Overview of the Workflow

An overview of the workflow that can be downloaded as a Python package. For organizational purposes, documentation is divided into three components. These are: 1) Data Harvesting, 2) Data Workflow (main), and 3) Data Storage and they're written in detailed in separate files. The workflow is designed to be downstream, starting from data harvesting and ending at data storage.

Data Harvesting

Collects GTFS-RT every nth (e.g., 30) seconds for x (e.g., 14) hours per day, parses it, and appends to csv file. The csv file is named after the date of collection (e.g., GTFSRT_2022-01-15.csv). Use main_harvester.py to input parameters. The general workflow of this component are in the following steps:

  1. Request feed from the hyperlink containing GTFS-RT .pb file.
  2. Extract entities from the feed.
  3. Convert the extracted entities into a Pandas DataFrame.
  4. Append dataframe to csv.
  5. Iterate steps 1-4 until defined iteration (i.e., # of hours) is complete.

Extensive documentation including backend code can be viewed in the gtfs_harvester folder.

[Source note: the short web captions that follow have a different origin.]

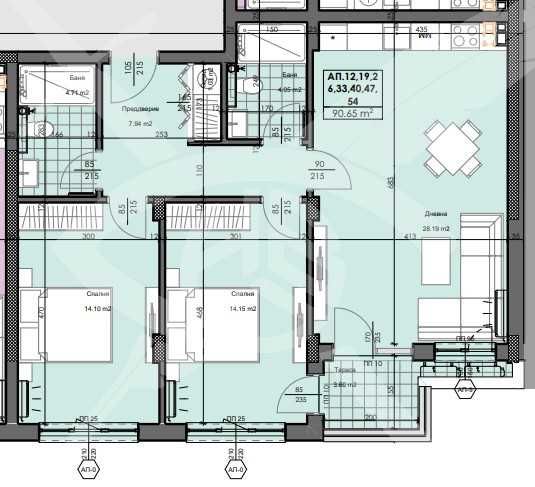 Тристаен апартамент в Пловдив, Кършияка - 107 кв.м за 540 €/кв.м - Снимка #1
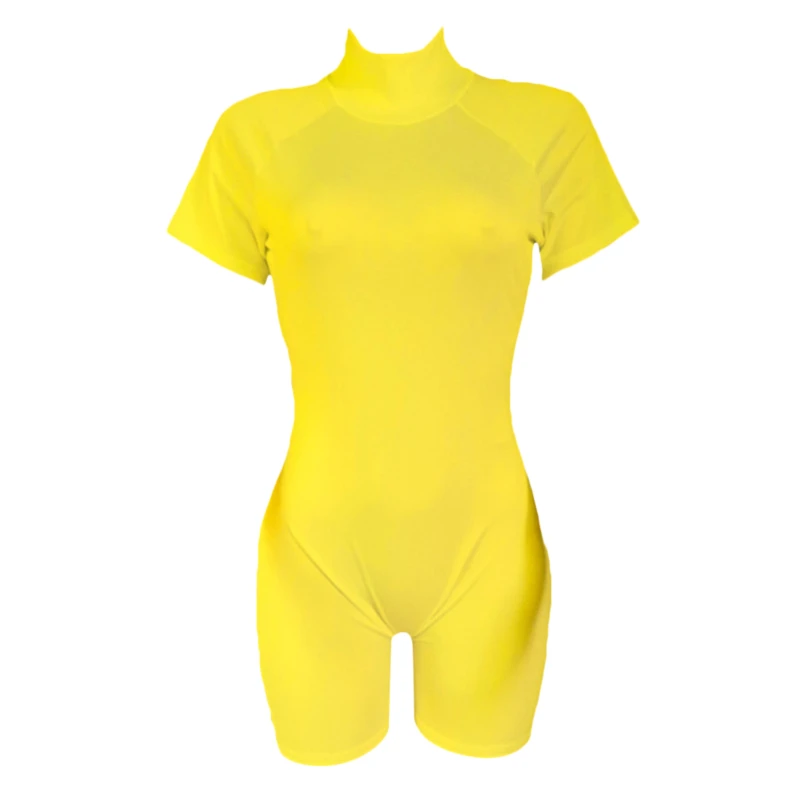 Женская уличная одежда для фитнеса неоновое боди с ложным воротником и коротким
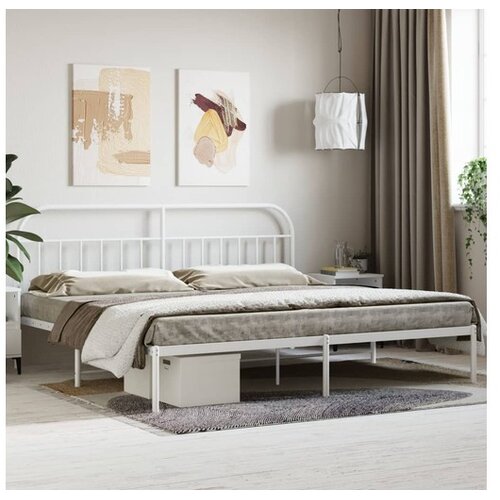 vidaXL Metalni okvir za krevet s uzglavljem bijeli 200x200 cm Cene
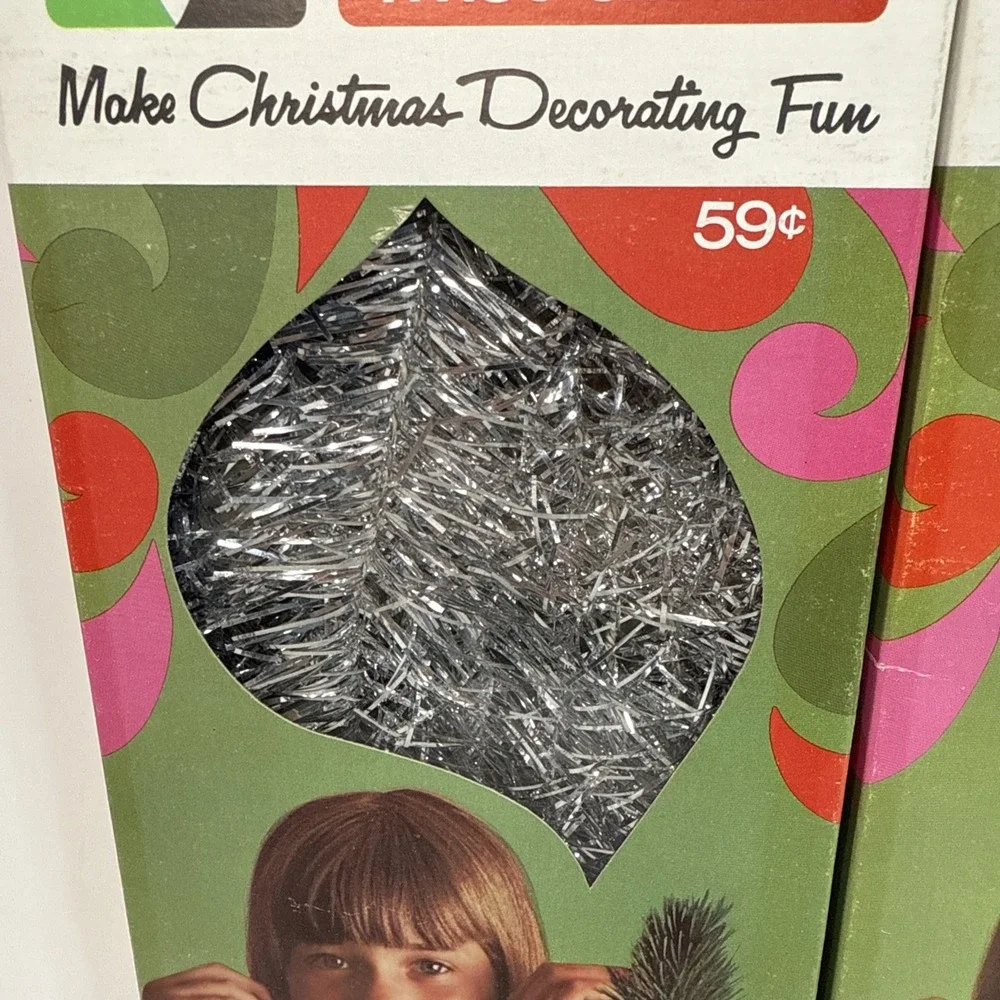 2 NOS Doubl Glo Silver Tinsel‎ Twist Garland 18 Feet 6 Yards 1 1/3 Inch Wide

Note: If you are using two different machines (e.g., VMs), you will need to schedule harvesting time and data processing time separately. For example, if you start automatically an Azure VM for data harvesting time at 6:00 AM (local time) for 14 hours, you will need to spin up an automated start up time at 10:00 PM for the other Azure VM to do data processing. This package does not include of how to transfer collected near real-time GTFS data between VMs. One approach is to use the subprocess package in Python, set it up in the harvester VM with recognized credentials (i.e., SSH & PPK files) to transfer the file to the processor VM. The processor VM needs to be started prior to transfer time (recommended 5 minute window). To instantiate data harvesting and processing, both Linux VMs (or one) will require crontab with a custom shell script to run automatically.

Data Processing

The main operation of the workflow that processes collected raw GTFS-RT data and outputs transit metrics. Approximately 95% of this component runs in parallel. Extensive documentation including backend code can be viewed in the gtfs_process folder.

Note: The python scripts in the data_engineering and util folders are not necessarily connected to each other, but rather signify which sub-folder they belong to.

Data Storage

Sends the output transit metrics to MongoDB for storage. This component has not reached maturity and unfortunately is not included in the package.